O cristão enfrenta a possibilidade de pecar. Mas "se confessarmos os nossos pecados, ele é fiel e justo para nos perdoar os pecados e nos purificar de toda injustiça" (1 Jo 1.9). Outrossim, a caminhada cristã se revela como luta para erradicar cada vez mais o pecado de nossas vidas (1 Jo 3.4-6). Em suma, ainda somos passíveis de pecar mas não vivemos na prática do pecado.
B. O exercício do amor
João repete em sua carta a necessidade de guardarmos o(s) mandamento(s) de Jesus (1 Jo 2.3; 3.22, 24; 5.2-3). Ninguém pode dizer que conhece ao Senhor Jesus se não guardar os seus mandamentos (1 Jo 2.4).
O mandamento de Jesus é expresso em 1 João 3.23: "...que creiamos em o nome de seu filho, Jesus Cristo, e nos amemos uns aos outros..." O amor caracteriza o agir de Deus que dá o seu Filho unigênito para a salvação da humanidade (Jo 3.16). Jesus nos ama a ponto de entregar sua vida por nós (Jo 15.13).
Assim, o amor que motivou a Deus para a salvação da humanidade deve nos motivar a amarmos uns aos outros. Mas qual é a medida de amor que devemos devotar ao nosso irmão? Em 1 João 3.16 lemos: "Nisto conhecemos o amor: que Cristo deu a sua vida por nós e nós devemos dar nossa vida pelos irmãos". Somos convocados a amar como Cristo, ao ponto de dar nossa própria vida. Cantamos em nossas igrejas o amor ao próximo.
Mas antes de cantar devemos praticá-lo. O amor é objetivo, isto é, ele se dirige ao outro. Procura o bem estar do outro. O mundo moderno confunde amor com o sentimento de afeição. Quando desaparece esse sentimento, desaparece também o amor. O ensino bíblico sobre o amor é mais completo. É relacionado à vontade. Dispomo-nos a amar.
O amor deve se expressar em atos concretos. João questiona o amor teórico: "Ora, aquele que possuir recursos deste mundo, e vir a seu irmão padecer necessidade, e fechar-lhe o seu coração, como pode permanecer nele o amor de Deus? Filhinhos, não amemos de palavra, nem de língua, mas de fato e de verdade" (1 Jo 3.17-18).

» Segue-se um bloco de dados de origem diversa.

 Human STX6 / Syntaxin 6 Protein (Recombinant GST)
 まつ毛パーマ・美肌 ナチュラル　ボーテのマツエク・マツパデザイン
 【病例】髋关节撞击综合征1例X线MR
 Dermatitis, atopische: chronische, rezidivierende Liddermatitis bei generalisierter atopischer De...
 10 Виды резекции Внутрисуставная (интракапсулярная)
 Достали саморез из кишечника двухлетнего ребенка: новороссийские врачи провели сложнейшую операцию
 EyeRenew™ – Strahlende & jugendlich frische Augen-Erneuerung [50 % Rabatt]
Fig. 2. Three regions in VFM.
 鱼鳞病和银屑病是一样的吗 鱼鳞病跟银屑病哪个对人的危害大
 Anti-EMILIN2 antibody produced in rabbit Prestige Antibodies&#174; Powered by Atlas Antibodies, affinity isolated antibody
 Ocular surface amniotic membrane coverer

Queremos ter certeza de nossa salvação? Não devemos procurar a resposta nos sentimentos de nosso coração. Devemos olhar para o nosso próximo e estender nossa mão para servi-lo. Isso é amor. Aí sim, tranquilizaremos o nosso coração (1 Jo 3.19).
Outra dimensão do amor é que não há compatibilidade em amar a Deus e odiar o seu irmão (1 Jo 4.20). A prova de que alguém ama a Deus está no amor devotado ao irmão.
Neste sentido, o cristianismo só pode ser praticado em comunidade. Desaparece aqui toda pretensão de se isolar do mundo.
Habitar em desertos para a santificação pessoal não faz parte do projeto de Jesus para os seus discípulos. Estes devem enfrentar os desafios de se viver em comunidade.
Devem aprender a vencer as falhas existentes na igreja procurando cada vez mais atingir o ideal do exercício do amor fraternal. Mas se temos em nosso coração ódio consumado, devemos questionar nossa conversão. Aquele que odeia vive nas trevas (1 Jo 2.9,11) e não tem a vida eterna (1 Jo3.15).
A principal marca do cristão verdadeiramente convertido é o amor. O amor não tem fim, jamais acaba. Seu exercício continua mesmo na eternidade.
Muita gente hoje se esquece da prática do amor. Sem ele não se produzem frutos duradouros (1 Co 13.1-3). Jesus disse: "Nisto conhecerão todos que sois meus discípulos: se tiverdes amor uns aos outros" (Jo 13.35).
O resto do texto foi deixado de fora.